Le Sous-Directeur général de l'UNESCO pour la culture, M. Ernesto Ottone R., a déclaré que la mission a mis en avant l'importance du travail de l'Organisation en matière de protection du patrimoine culturel.

« L’UNESCO a une grande expérience et expertise en matière de musées, de gestion des risques et de reconstruction après une catastrophe.
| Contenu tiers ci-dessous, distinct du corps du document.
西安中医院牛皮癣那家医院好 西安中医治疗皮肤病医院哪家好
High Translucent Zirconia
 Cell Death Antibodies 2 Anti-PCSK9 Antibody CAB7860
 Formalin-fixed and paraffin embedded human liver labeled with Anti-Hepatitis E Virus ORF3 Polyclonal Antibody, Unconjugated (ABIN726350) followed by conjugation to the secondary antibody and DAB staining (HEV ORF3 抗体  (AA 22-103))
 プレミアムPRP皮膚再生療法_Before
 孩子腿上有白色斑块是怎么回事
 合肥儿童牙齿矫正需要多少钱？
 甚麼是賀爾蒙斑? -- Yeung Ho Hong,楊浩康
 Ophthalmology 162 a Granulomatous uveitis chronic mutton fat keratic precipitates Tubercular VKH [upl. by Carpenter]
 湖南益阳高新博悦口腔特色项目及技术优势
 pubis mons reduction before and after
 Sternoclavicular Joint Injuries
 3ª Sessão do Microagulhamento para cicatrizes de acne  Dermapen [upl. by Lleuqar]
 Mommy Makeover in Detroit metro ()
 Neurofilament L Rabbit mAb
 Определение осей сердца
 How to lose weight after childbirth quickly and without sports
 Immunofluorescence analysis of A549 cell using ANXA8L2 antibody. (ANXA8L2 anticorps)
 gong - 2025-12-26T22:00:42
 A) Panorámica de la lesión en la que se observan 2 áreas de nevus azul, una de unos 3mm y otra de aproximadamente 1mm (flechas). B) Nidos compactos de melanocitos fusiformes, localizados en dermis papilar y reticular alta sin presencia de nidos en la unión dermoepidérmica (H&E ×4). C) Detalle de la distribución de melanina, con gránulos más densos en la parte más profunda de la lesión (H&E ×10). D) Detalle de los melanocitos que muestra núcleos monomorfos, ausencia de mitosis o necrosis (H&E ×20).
Dans le cas de la destruction tragique du Musée national du Brésil, nous continuerons à fournir notre expertise technique et à contribuer à la mobilisation de ressources pour soutenir les efforts visant à le restaurer et à reconstituer sa précieuse collection ».

 Face aux défis à venir, la communauté internationale a fait preuve d’une grande solidarité avec le Brésil. Les géoparcs mondiaux de l'UNESCO feront chacun don d'un échantillon représentatif de leur patrimoine géologique au musée dans une décision adoptée à l'unanimité lors de la 8e Conférence internationale sur les géoparcs mondiaux de l'UNESCO qui s'est tenue les 11 et 14 septembre à Adamello Brenta, géoparc mondial de l'UNESCO, en Italie.

Par ailleurs, l’Argentine, le Canada, la Chine, la France, l’Allemagne, l’Italie, les Pays-Bas, le Portugal, l’Espagne, la Suisse et les États-Unis ont manifesté leur soutien sous la forme de prêts de collections de la part de musées ayant des objets similaires à ceux du Musée national, ainsi que par la mise à disposition d’experts techniques, de contributions financières ou de dons. Le gouvernement allemand a promis 1 million d'euros pour des experts techniques et du matériel.

Un groupe de travail composé de parties prenantes nationales a été créé pour poursuivre le travail entamé par la mission de l'UNESCO. Parmi ces acteurs figurent le Ministère de l'Education du Brésil (responsable du Musée) avec l'Université fédérale de Rio de Janeiro et le Musée national, le Ministère de la Culture avec l'Institut national du patrimoine historique et artistique (IPHAN) et l'Institut brésilien des musées (IBRAM), la municipalité de Rio de Janeiro, les organisations de la société civile et le Comité national brésilien du Comité international des musées (ICOM).

La mission au Brésil a été déployée suite à une promesse de soutien de la Directrice générale de l’UNESCO, Mme Audrey Azoulay, et a été entreprise grâce au Fonds d’urgence de l’UNESCO pour le patrimoine.